┏━━

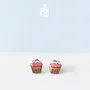 Bijoux - Boucles d'oreilles fantaisie roses fuchsia « Muffin gourmand » - Idée cadeau pâtisserie pour jeune maman ou adolescente - PINTONIK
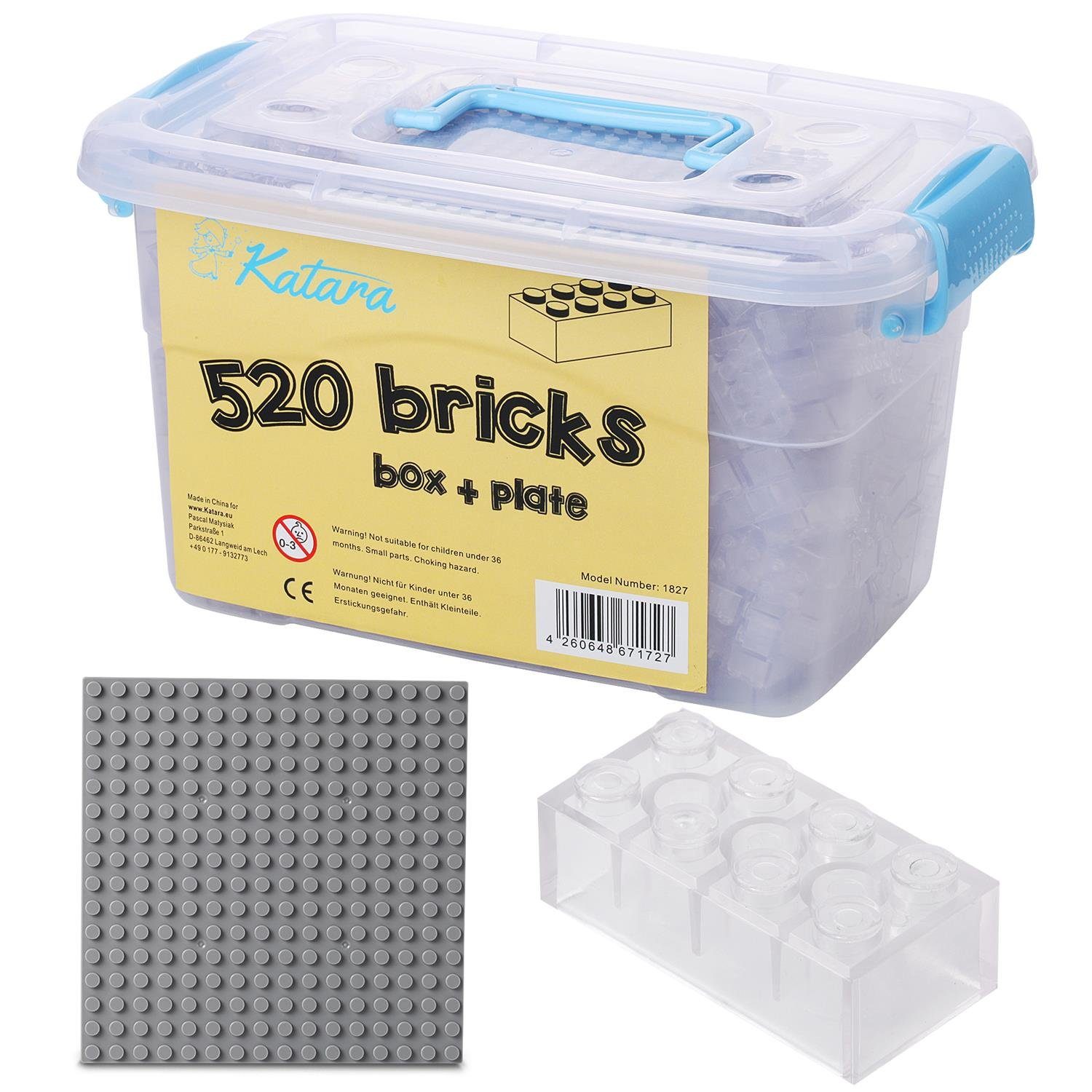 Katara Konstruktionsspielsteine Bausteine Box-Set mit 520 Steinen + Platte + Box, (3er Set), Transparent, 100% Kompatibel Sluban, Papimax, Q-Bricks, LEGO®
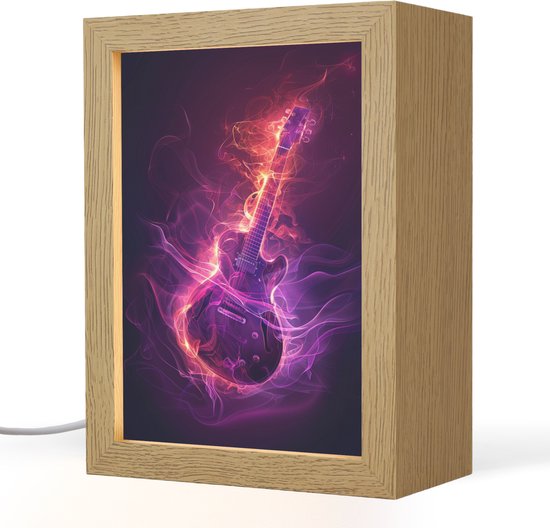 Nachtlampje 15x20 cm - Kinder lampje - Gitaar - Muziek - Rook - Paars - Tafellamp kinderkamer - Slaapkamer lamp - Bedlamp kinderen - Kinderlampje stopcontact - Wandlamp babykamer - Nachtlampjes van Merkloos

┗━━

* [TASK GOAL]: After locating the line that contains "Katara Konstruktionsspielsteine Bausteine", output it and all later lines through the end of the material exactly, leaving out pictures.

* [RESPONSE BELOW]:
 Katara Konstruktionsspielsteine Bausteine Box-Set mit 520 Steinen + Platte + Box, (3er Set), Transparent, 100% Kompatibel Sluban, Papimax, Q-Bricks, LEGO®
 Nachtlampje 15x20 cm - Kinder lampje - Gitaar - Muziek - Rook - Paars - Tafellamp kinderkamer - Slaapkamer lamp - Bedlamp kinderen - Kinderlampje stopcontact - Wandlamp babykamer - Nachtlampjes van Merkloos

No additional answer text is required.